Le petit gars de Mostaganem, qui est devenu Champion du Monde.
« Il a toujours été un homme libre de ses actes et de ses pensées »
Mais, qui est-il vraiment ? Né à Mostaganem en Algérie. Le jeune Pierrot commence dès son apprentissage à quatre ans sur les genoux de son père, à bord du tracteur. Puis à neuf ans, il le conduit pour emmener les ouvriers agricoles dans les vignes.
Qui aurait pensé que quelques années plus tard, ‘’Pierrot’’ pour les intimes, détiendrait quatre titres de Champion du Monde FIA des Rallyes Tout Terrain et plusieurs dizaines de victoires sur les plus grandes épreuves internationales ? Personne, en dehors de son père et quelques copains qui voyaient déjà en lui, un ‘’casse-cou’’, qui n’avait peur de rien.
L’œil vif, toujours avide d’apprendre et de s’améliorer, le jeune garçon quitte le Tracteur et emprunte la Simca Beaulieu de son père pour s’essayer dans les vignes de l’exploitation familiale.
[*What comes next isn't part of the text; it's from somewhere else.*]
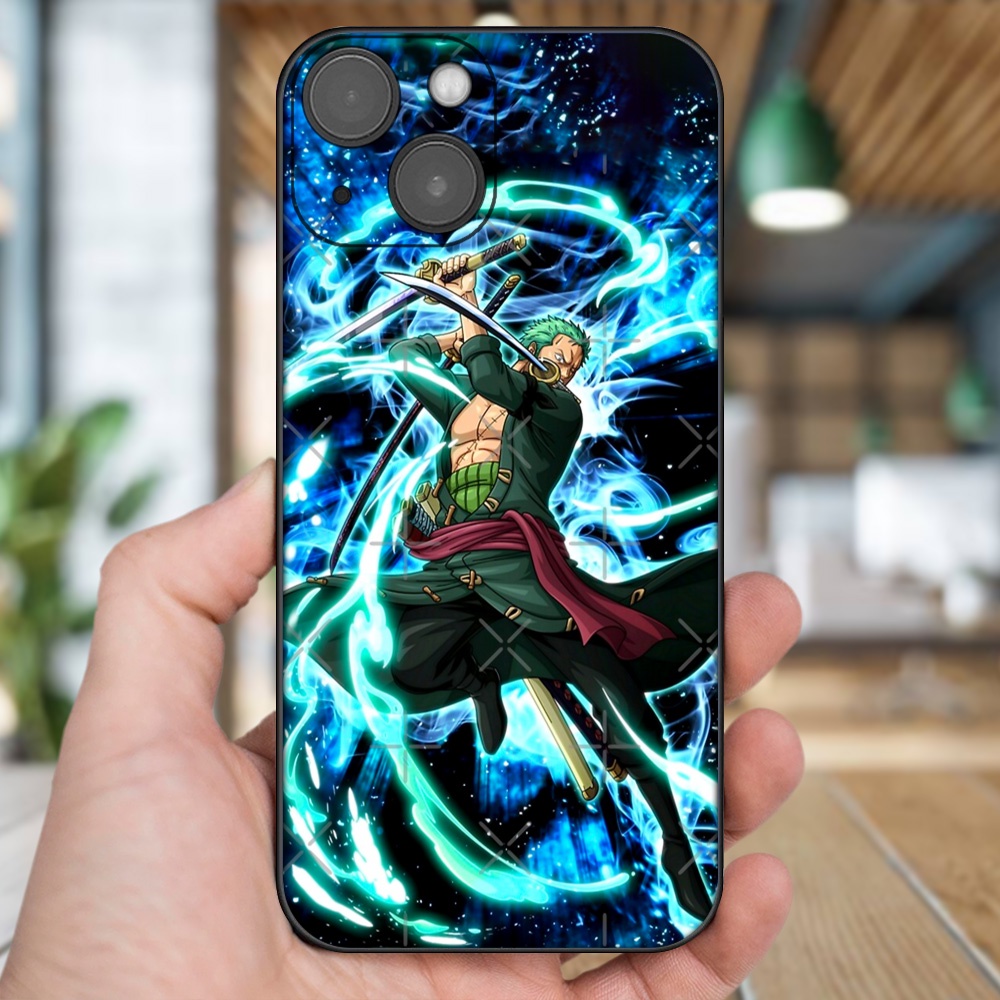 Ốp lưng iPhone 13 dẻo đen cạnh vuông in hình Zoro One Piece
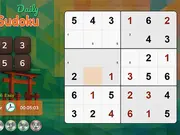 Screenshot of Daily Mini Sudoku game showing an incomplete 6x6 puzzle grid with numbers. Play free online logic game.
Tenir un volant, lui plait tout de suite « Voilà mon futur métier », disait-il, au patriarche. En attendant, il devait faire ses preuves au sein de l’entreprise familiale.
Revenu en France, Pierre Lartigue passe un CAP de carrossier et tous les permis de conduire, y compris celui de poids lourd. C’est grâce à ce permis qu’il arrive à faire des économies, ce qui lui permet de s’acheter une Mini Cooper 1100, en 1969. Puis un an plus tard, il rejoint un membre de sa famille à Perpignan, propriétaire d’une société de transport. Ce nouveau travail lui permet encore une fois de faire des économies pour acheter une R12 Gordini, en 1972, avec laquelle, il va s’inscrire à un rallye neige. Il terminera 2e au scratch. Ensuite, pour les saisons de 1975 et 1976, Pierre Lartigue roule sur une Simca R2 GR.
Peugeot 504 Rallye
Sa rencontre fortuite avec Bob Neyret à Nice, a sans doute été l’élément déclencheur de sa future carrière. Bob Neyret lui vend sa Peugeot 504 rallye avec laquelle, il va parcourir 100 000 km de course en tous genres de 1977 à 1980. De ce fait, la presse spécialisée commence à s’intéresser à lui, puisqu’en 1981, il est au volant d’une 104 ZS pour se frotter aux meilleurs sur le rallye des milles pistes. Grâce à ce véhicule, il peaufine son pilotage pour devenir le meilleur, car son appétit de vaincre ne cesse de grossir.
Lada Niva 4×4
Quelques mois plus tard, il est attiré par la petite Lada Niva 4×4, qui, devient un véritable phénomène de société et fait découvrir une certaine liberté de conduite, pour tous les amoureux de la nature. Rapidement, la petite ‘’passe partout’’ va conquérir l’Europe entière par sa robustesse et sa légèreté, conjuguant des qualités encore inconnues dans le milieu automobile.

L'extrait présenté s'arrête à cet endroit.